Первая мысль была: как там Ирина? Нужно немедленно сдаться, пока они что-нибудь с ней не сделали.

Вторая: атаковать с ходу, вырубить всех, благо инквизиторов вряд ли много – в такой машине поместится человек пять-шесть, не больше, да и бойцы из них наверняка неважные.

Третья: бежать, пока не засекли!

Я не сделал ни того, ни другого, ни третьего… Просто успел.

Все-таки я ошибался. Может быть, большинство инквизиторов действительно являлись не слишком умелыми бойцами, но за мной послали несомненных профессионалов… Вполне логично, учитывая сложившуюся определенных кругах мою репутацию.

Первый инквизитор – автомат наготове – появился из-за угла дома всего в десяти метрах от меня. Второй вышел из подъезда сбоку. Третий призраком мелькнул в окне одной из квартир, которую на радость хозяевам он превратил в свой наблюдательный пункт. Все трое держали меня на прицеле. Грамотно проделано…

Что мне остается? Кувыркнуться назад, уходя с линии огня, нырнуть за вон тот мусорный контейнер, под его прикрытием отползти за угол дома… Мечты прервал сухой щелчок передернутого затвора. Я обернулся. Сзади стояли еще двое инквизиторов. Неплохо. Я даже не заметил, как они подошли.

На меня практически в упор смотрело пять автоматных стволов… Готов поклясться, у них там серебряные пули в магазинах. Как против нечисти.

Выхода не было. Я неохотно поднял руки.

– Оружие на землю. Медленно.

Осторожно, стараясь не делать резких движений и тем самым не давая инквизиторам повода прошить меня очередью, я вытащил меч из ножен и уронил его к своим ногам. Покрытая ровными рядами серебряных чешуек сталь сердито дзинькнула об асфальт.

– И кинжал тоже.

Я вздохнул и подчинился. Подняв голову, взглянул наверх. Может быть, Ирина сейчас смотрит на меня в окно?.. Нет, не смотрит. Жаль. Хоть за нее я был бы спокоен.

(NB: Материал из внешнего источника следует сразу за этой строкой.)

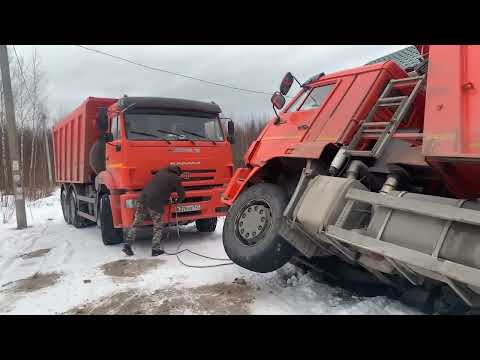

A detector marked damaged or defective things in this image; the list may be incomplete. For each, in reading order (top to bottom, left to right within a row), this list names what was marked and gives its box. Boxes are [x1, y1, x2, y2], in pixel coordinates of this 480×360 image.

overturned dump truck [222, 46, 480, 314] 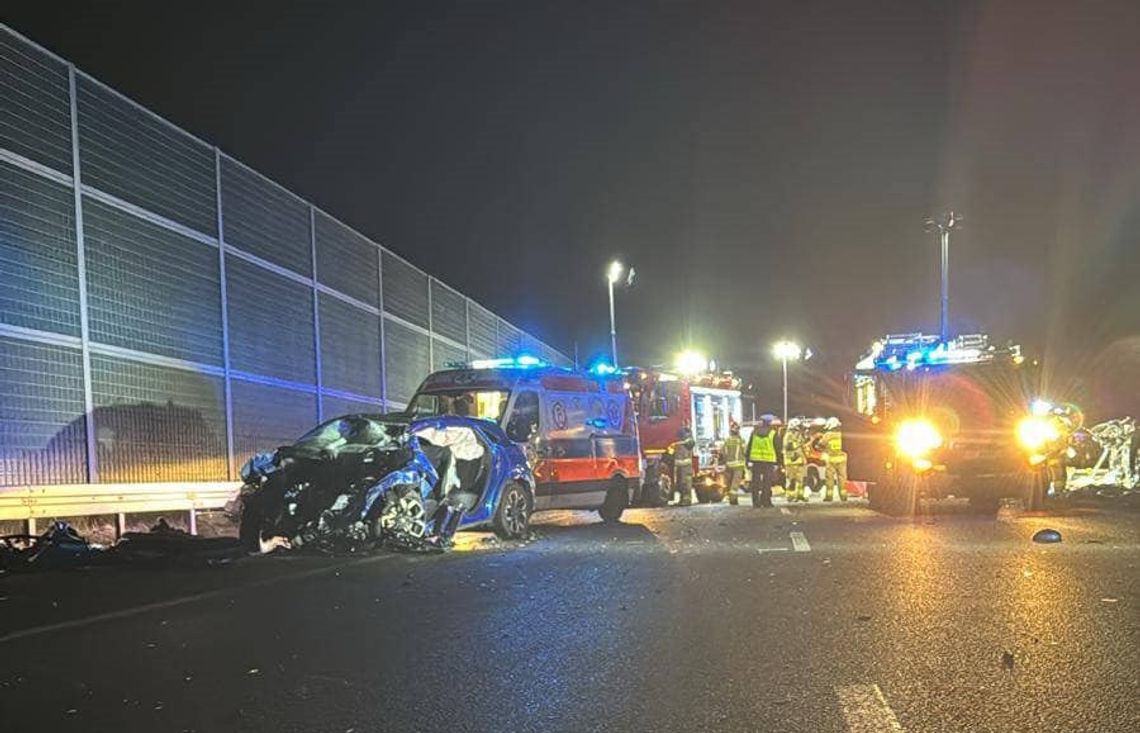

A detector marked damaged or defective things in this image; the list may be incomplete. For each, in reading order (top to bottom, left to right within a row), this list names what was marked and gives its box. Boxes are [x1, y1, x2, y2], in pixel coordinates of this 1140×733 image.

demolished blue car [236, 414, 536, 552] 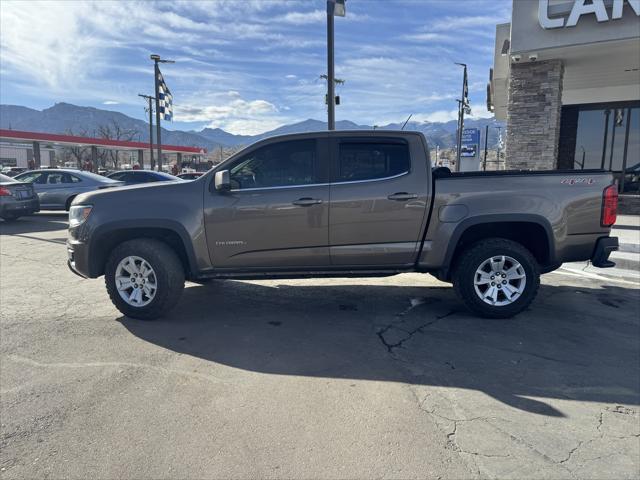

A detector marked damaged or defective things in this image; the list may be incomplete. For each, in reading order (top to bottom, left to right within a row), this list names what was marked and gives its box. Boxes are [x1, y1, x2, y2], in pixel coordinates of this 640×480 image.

– Иди к машине. Без фокусов.

Провались все к чертям в ад. До чего же я устал! Куда опять ехать? Спать хочу!

* * *

Получив ощутимый толчок в спину, я послушно переступил порог. Следующие по пятам конвоиры – не те, которые столь профессионально подловили меня у дома, другие, местные, – вошли следом. Всего двое. Очевидно, охрана решила, что в хорошо охраняемом и патрулируемом центральном штабе инквизиции один безоружный человек все равно не сумеет сотворить ничего предосудительного. Верх самоуверенности – на меня не стали даже цеплять наручники. Впрочем, они не так уж были и нужны – бежать или устраивать драку я все равно не собирался. И инквизиторы это тоже понимали.

Комната, в которую меня втолкнули, представляла собой выдержанный в строгих тонах рабочий кабинет. Обитые деревом стены, паркет на полу, в углу – внушительного вида сейф для бумаг. Мерцающий белым светом экран компьютера – несомненная ценность в наши дни. Пара телефонов, примостившихся на заваленном бумагами столе, за которым сидел и что-то писал священник в аккуратной белой мантии с вышитым на груди инквизиторским крестом. Когда мы вошли, он поднял голову, и мне не понадобилось много времени, чтобы узнать это сухое скуластое лицо.

Отец Василий. Верховный инквизитор Челябинской епархии.

– Так-так. Уже прибыл, значит. – Глава местной инквизиции поднял бровь и едва заметно улыбнулся. – Ну что ж, Суханов, проходи, коль уж зашел, не стой на пороге. Садись.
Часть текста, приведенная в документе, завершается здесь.